New truck dealers said they saw a slight increase in sales toward the end of 2009 but expected little improvement in 2010, despite an increase in orders.

ACT Research said Jan. 18 that net orders for heavy-duty commercial vehicles rose to 11,919 units in December, up 37% from December 2008.

“Truck sales are not good. . . . It is like someone turned off the light,” Duane Kyrish, general manager of Longhorn International Trucks, Austin, Texas, told TT.

“We did see two things happen in late ’09,” Jim Lagana, general manager at McDevitt Trucks Inc., Manchester, N.H., told TT. “In October, a burst of ordering activity from owners trying . . . to beat 2010 price increases, and in December, a burst of purchasing activity, both for tax reasons and to beat 2010 prices.”

Some manufacturers said they were optimistic about an upturn.

“We think this business is going to recover quickly,” Jack Allen, North American Truck Group president for Navistar Inc., told an investors’ meeting at the company’s Engine Group headquarters in Melrose Park, Ill.

Allen said that Navistar, which makes International trucks, sees freight rates and freight levels flattening out.

“We think that’s good,” Allen said.

Daniel Ustian, Navistar’s chairman and chief executive officer, told investors Navistar recorded a 5% to 10% increase in truck sales in 2010, “especially on the heavy side . . . and back-ended,” with sales picking up the most in the last quarter of Navistar’s fiscal year, which ends Oct. 31.

Volvo Trucks used the downturn to prepare for the coming upturn by increasing our efficiency and ability to respond to customer needs,” Scott Kress, senior vice president of sales and marketing, told TT.

Daimler Trucks North America and Paccar Inc. did not comment on their sales.

Among the eight major OEMs, Navistar’s International brand was the market-share leader for 2009 but second for December behind Freightliner, which was in second place for the year.
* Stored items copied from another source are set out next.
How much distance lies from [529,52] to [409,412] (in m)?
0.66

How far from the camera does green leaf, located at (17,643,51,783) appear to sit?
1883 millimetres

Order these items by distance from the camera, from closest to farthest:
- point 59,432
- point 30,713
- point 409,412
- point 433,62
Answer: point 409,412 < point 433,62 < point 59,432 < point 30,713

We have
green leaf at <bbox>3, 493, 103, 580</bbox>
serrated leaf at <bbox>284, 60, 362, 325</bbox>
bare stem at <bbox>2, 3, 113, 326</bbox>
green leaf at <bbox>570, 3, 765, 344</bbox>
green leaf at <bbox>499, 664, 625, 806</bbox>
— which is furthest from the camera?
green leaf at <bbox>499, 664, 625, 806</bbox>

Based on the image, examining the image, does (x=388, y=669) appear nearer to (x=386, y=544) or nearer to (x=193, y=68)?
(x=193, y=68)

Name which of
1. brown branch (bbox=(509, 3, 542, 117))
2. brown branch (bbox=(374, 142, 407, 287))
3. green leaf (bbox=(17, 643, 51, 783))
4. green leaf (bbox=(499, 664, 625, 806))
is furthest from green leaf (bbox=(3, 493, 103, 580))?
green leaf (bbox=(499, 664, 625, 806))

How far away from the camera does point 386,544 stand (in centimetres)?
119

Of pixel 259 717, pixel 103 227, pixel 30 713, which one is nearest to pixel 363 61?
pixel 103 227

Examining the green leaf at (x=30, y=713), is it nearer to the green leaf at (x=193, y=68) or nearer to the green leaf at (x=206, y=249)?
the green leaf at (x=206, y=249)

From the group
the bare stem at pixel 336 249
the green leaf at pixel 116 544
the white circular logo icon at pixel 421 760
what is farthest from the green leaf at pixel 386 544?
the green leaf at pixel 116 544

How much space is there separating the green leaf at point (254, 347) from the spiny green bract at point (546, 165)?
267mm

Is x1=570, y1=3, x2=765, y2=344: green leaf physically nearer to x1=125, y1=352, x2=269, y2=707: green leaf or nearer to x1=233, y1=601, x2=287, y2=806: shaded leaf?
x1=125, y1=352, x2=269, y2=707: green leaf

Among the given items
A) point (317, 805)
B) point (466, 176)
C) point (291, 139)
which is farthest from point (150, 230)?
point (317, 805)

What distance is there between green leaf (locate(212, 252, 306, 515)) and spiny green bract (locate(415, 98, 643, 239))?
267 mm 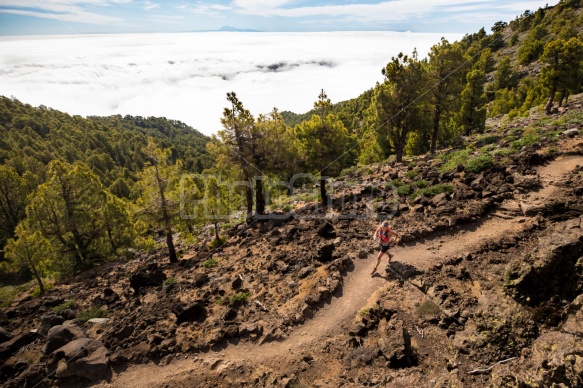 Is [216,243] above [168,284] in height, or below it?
below

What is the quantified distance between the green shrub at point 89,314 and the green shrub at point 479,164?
28.3m

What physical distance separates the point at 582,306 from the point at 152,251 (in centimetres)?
3665

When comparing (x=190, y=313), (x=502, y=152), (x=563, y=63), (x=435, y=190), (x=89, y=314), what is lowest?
(x=89, y=314)

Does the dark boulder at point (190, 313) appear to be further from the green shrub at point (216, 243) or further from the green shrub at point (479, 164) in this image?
the green shrub at point (479, 164)

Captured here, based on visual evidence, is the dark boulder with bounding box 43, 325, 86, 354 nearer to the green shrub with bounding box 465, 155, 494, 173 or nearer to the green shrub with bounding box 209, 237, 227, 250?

Navistar and Freightliner each increased market share for the year, gaining 3.7 and 1.9 points, respectively.

Peterbilt Motors lost 0.2 percentage point of market share, year-to-year, while Kenworth Trucks, its Paccar Inc. stable mate, gained 0.4%.

The two biggest share losers were Sterling Trucks, which stopped production in March, and Volvo Trucks North America, which lost 2.3 points for the year. Its sister company Mack Trucks lost 0.8 point.

Daimler’s Western Star unit, the smallest heavy truck maker, lost 0.2 point.